Cette information a été confirmée par son avocat français François Zimeray dans un communiqué.
M. Sansal, "qui s’était rendu à Alger en confiance, est aujourd’hui placé en détention en vertu de l’article 87 bis du code pénal algérien qui réprime l’ensemble des atteintes à la sûreté de l’État", a écrit Me Zimeray dans un communiqué.
L’article 87-bis du Code pénal algérien précise les situations où un prévenu peut être possiblement accusé de terrorisme ou de soutien au terrorisme.
Selon des sources judiciaires, les autorités algériennes reprochent au célèbre écrivain francophone de 75 ans, qui a obtenu la nationalité française en juin dernier, d’avoir remis en cause les frontières de l’Algérie.
"Quand la France a colonisé l’Algérie, toute la partie ouest de l’Algérie faisait partie du Maroc : Tlemcen, Oran et même jusqu’à Mascara", avait-il indiqué au site proche de l’extrême droite, Frontières. Et d’ajouter, lors de la colonisation de l’Algérie, "la France s’installe comme protectorat au Maroc et décide comme ça, arbitrairement, de rattacher tout l’oust du Maroc à l’Algérie, en traçant une frontière". Selon lui, après le début de la guerre d’indépendance algérienne, "les indépendantistes algériens avaient promis de restituer ses terres au Maroc, une fois l’indépendance acquise".
De vives réactions en Algérie
Les déclarations de Sansal ont suscité de vives réactions en Algérie.
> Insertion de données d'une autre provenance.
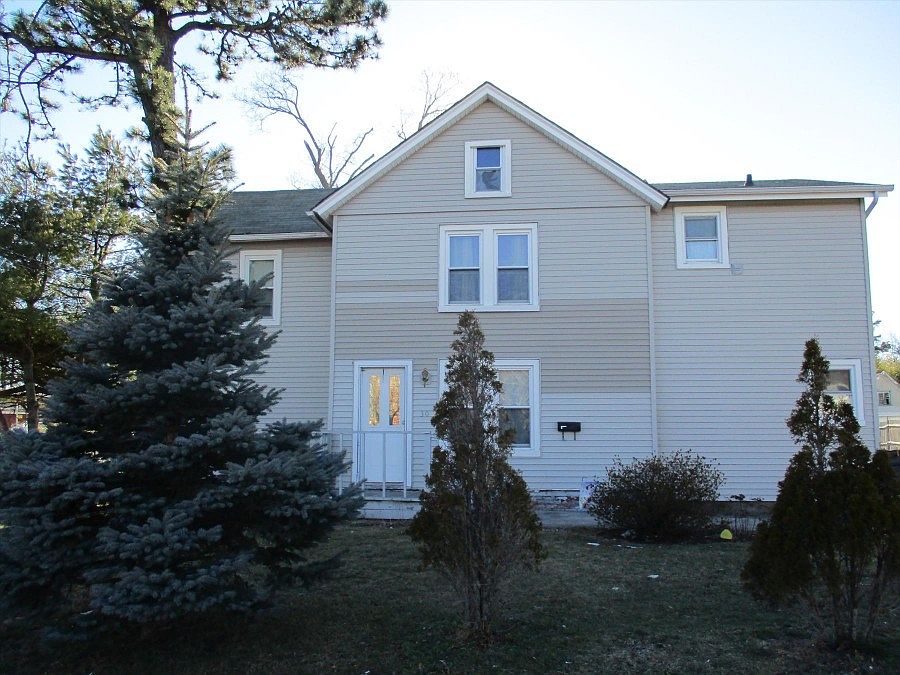 1st image of 30 Lincoln Ave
Ainsi, dans un article au vitriol, l’agence officielle Algérie Presse service (APS), qui exprime la voix officielle des autorités algériennes, a accusé l’écrivain de "révisionnisme".
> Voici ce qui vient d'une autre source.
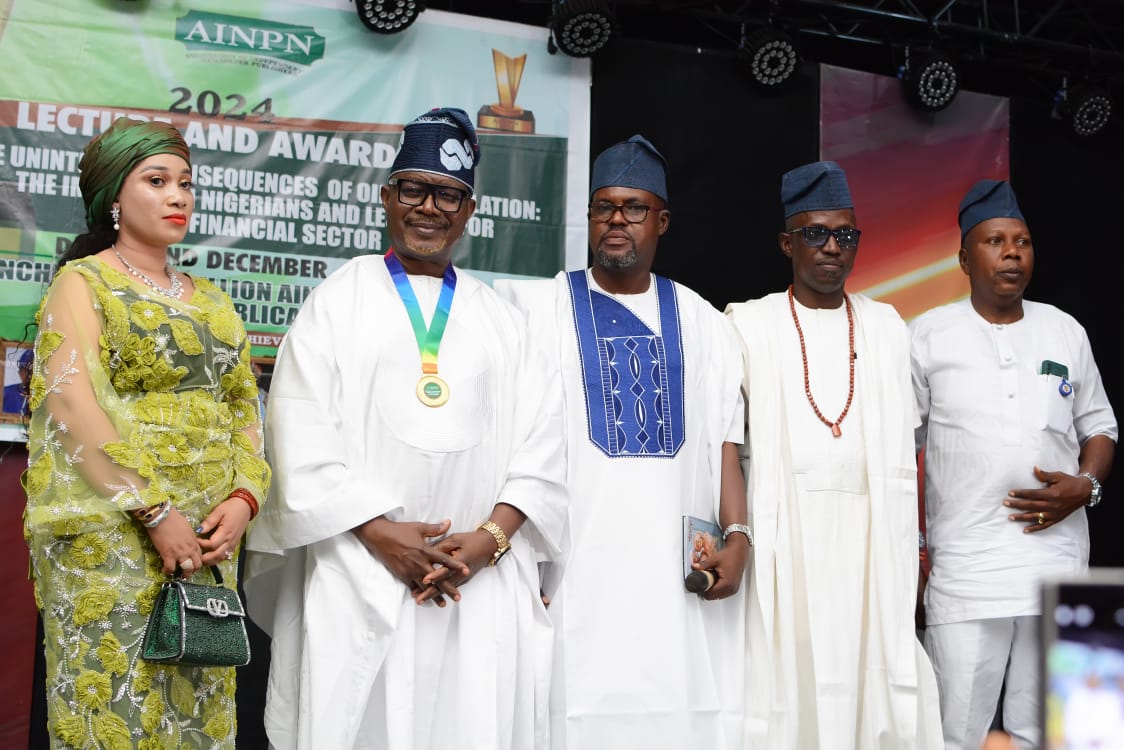 Yuletide: Ondo State Man of the Year, ABENA Distributes Bags of Rice, Cash to Ease Christmas Celebration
Certains hommes politiques, dont l’ancien ministre algérien de la Communication, Abdelaziz Rahabi, ont pointé du doigt ces propos. "Boualem Sansal réhabilite le récit colonial et ses contre-vérités historiques et ne mesure pas à quel point il est irrespectueux du sentiment national", a-t-il dit.
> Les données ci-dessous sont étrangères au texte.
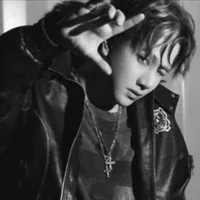 Hoàng Kim Long , lou hoàng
En revanche, d’autres figures politiques et intellectuelles ont pris la défense de l’écrivain. "Faut-il emprisonner un écrivain et l’accuser de trahison ou d’atteinte à l’unité nationale au motif qu’il a émis des propos non conformes à la vérité historique ?", s’est interrogé l’ancien candidat à l’élection présidentielle, Said Sadi.
Le politologue Mohamed Hennad a pour sa part souligné : "Si des paroles peuvent menacer la stabilité d’un pays, c’est que les institutions de l’Etat sont fragiles."Le Rassemblement pour la Culture et la Démocratie (RCD, opposition laïque) a, de son côté, dénoncé dans un communiqué l’arrestation de l’écrivain franco-algérien. "Cette arrestation ne peut que constituer une atteinte grave aux libertés de circulation, d'expression, de création et des droits fondamentaux garantis par les conventions internationales et par la Constitution algérienne", a souligné le RCD.
L’arrestation de Boualem Sansal pourrait exacerber les tensions déjà existantes entre Alger et Paris. Le sort de Sansal a fait des remous dans la classe politique française qui a exprimé son inquiétude quant à la situation de l’écrivain.